• ASSIGNED TASK
Give all of the data again exactly as written, omitting every image.

[Dataset entries]
^^^^^^^^

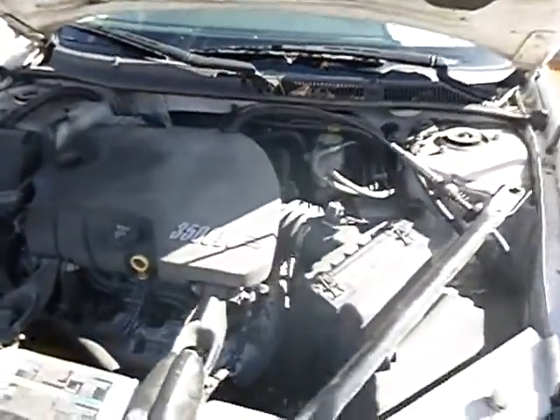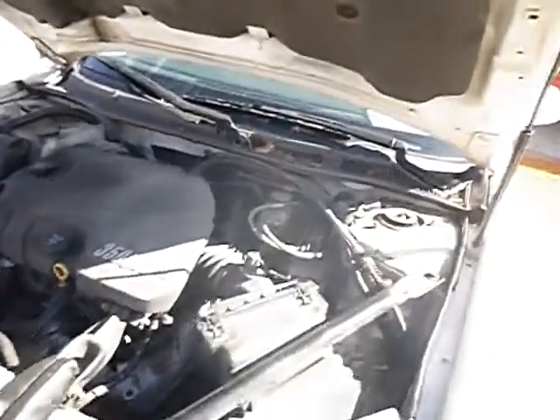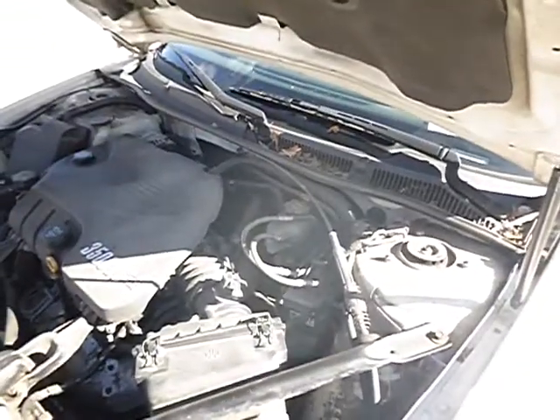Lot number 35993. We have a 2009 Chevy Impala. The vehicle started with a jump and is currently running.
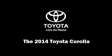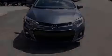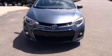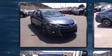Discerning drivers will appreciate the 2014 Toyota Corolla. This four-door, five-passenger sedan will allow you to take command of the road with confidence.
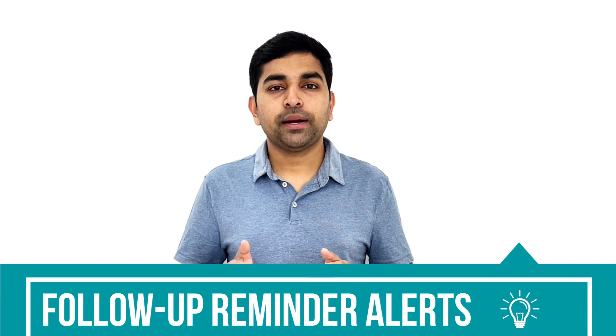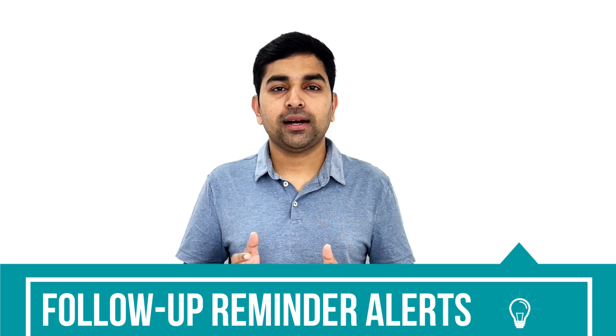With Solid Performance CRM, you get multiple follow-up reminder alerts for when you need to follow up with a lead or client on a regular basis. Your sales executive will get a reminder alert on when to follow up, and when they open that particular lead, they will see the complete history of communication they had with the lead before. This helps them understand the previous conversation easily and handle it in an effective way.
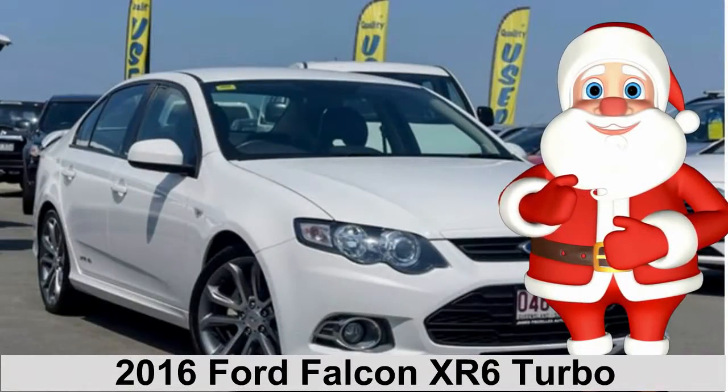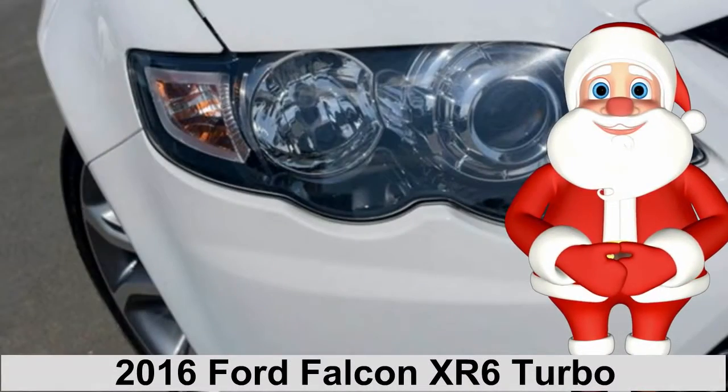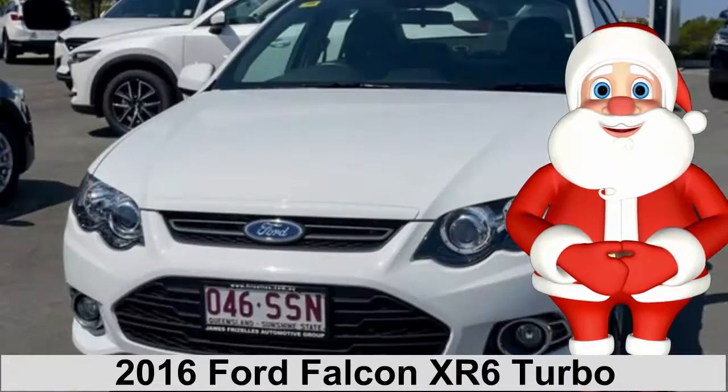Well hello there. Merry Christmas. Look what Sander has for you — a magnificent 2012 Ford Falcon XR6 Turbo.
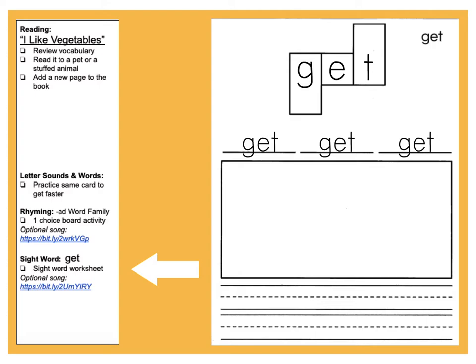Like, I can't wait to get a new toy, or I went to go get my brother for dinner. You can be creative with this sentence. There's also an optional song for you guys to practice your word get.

^^^^^^^^

• RESPONSE TO THE TASK
Lot number 35993. We have a 2009 Chevy Impala. The vehicle started with a jump and is currently running.
Discerning drivers will appreciate the 2014 Toyota Corolla. This four-door, five-passenger sedan will allow you to take command of the road with confidence.
With Solid Performance CRM, you get multiple follow-up reminder alerts for when you need to follow up with a lead or client on a regular basis. Your sales executive will get a reminder alert on when to follow up, and when they open that particular lead, they will see the complete history of communication they had with the lead before. This helps them understand the previous conversation easily and handle it in an effective way.
Well hello there. Merry Christmas. Look what Sander has for you — a magnificent 2012 Ford Falcon XR6 Turbo.
Like, I can't wait to get a new toy, or I went to go get my brother for dinner. You can be creative with this sentence. There's also an optional song for you guys to practice your word get.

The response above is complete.